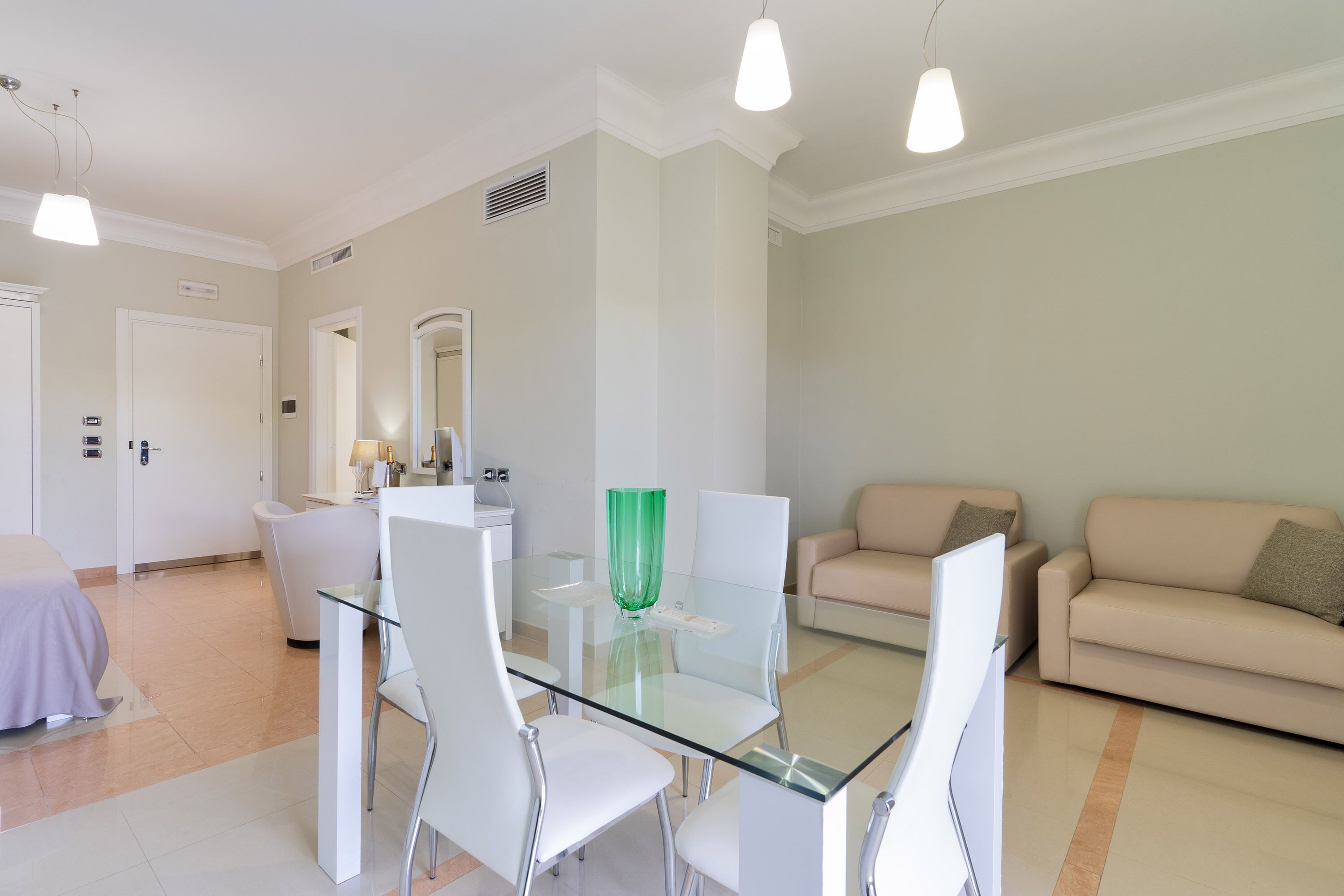 Un salon moderne avec une table à manger en verre, des chaises blanches, un canapé beige et un grand miroir.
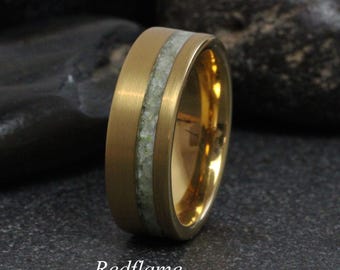May include: A gold-colored ring with a central band of light green stone. The ring has a brushed finish on the outer band and a polished interior. The word "Redflame" is written in cursive at the bottom of the image.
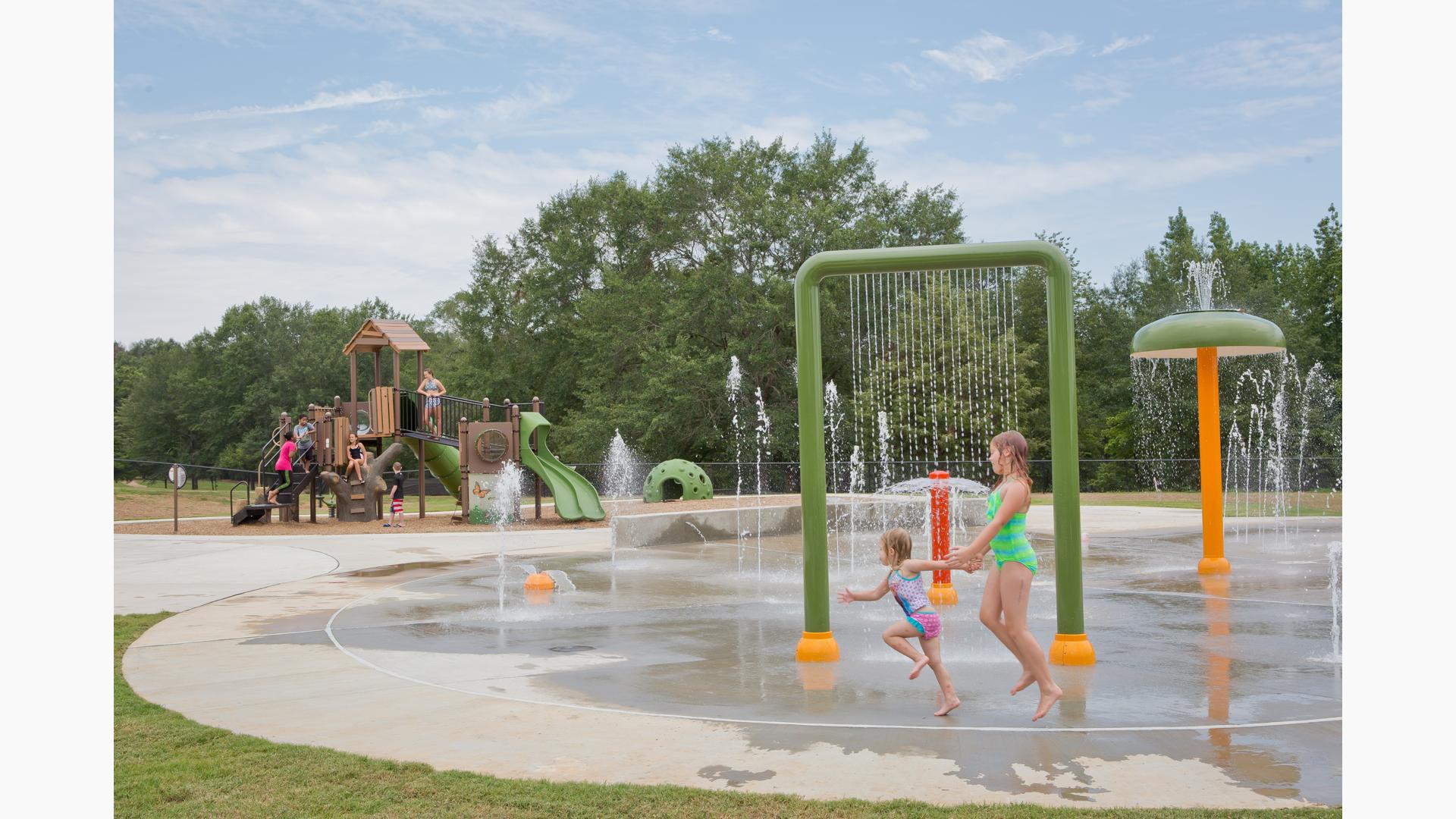 Nature Trail Splash Park and Playground Hamilton, AL. A PlayBooster® Tree House themed playground. Featuring the Discovery Tree Climb™, Log Steppers and DigiFuse® activity panels and much more. Along with a nearby Aquatix® splash pad.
______
### INSTRUCTIONS TO FOLLOW
Please give again, word for word, the lines from the one containing "May include: A" through the last line of the listing above, inclusive, and leave out pictures.

### FINAL ANSWER
May include: A gold-colored ring with a central band of light green stone. The ring has a brushed finish on the outer band and a polished interior. The word "Redflame" is written in cursive at the bottom of the image.
 Nature Trail Splash Park and Playground Hamilton, AL. A PlayBooster® Tree House themed playground. Featuring the Discovery Tree Climb™, Log Steppers and DigiFuse® activity panels and much more. Along with a nearby Aquatix® splash pad.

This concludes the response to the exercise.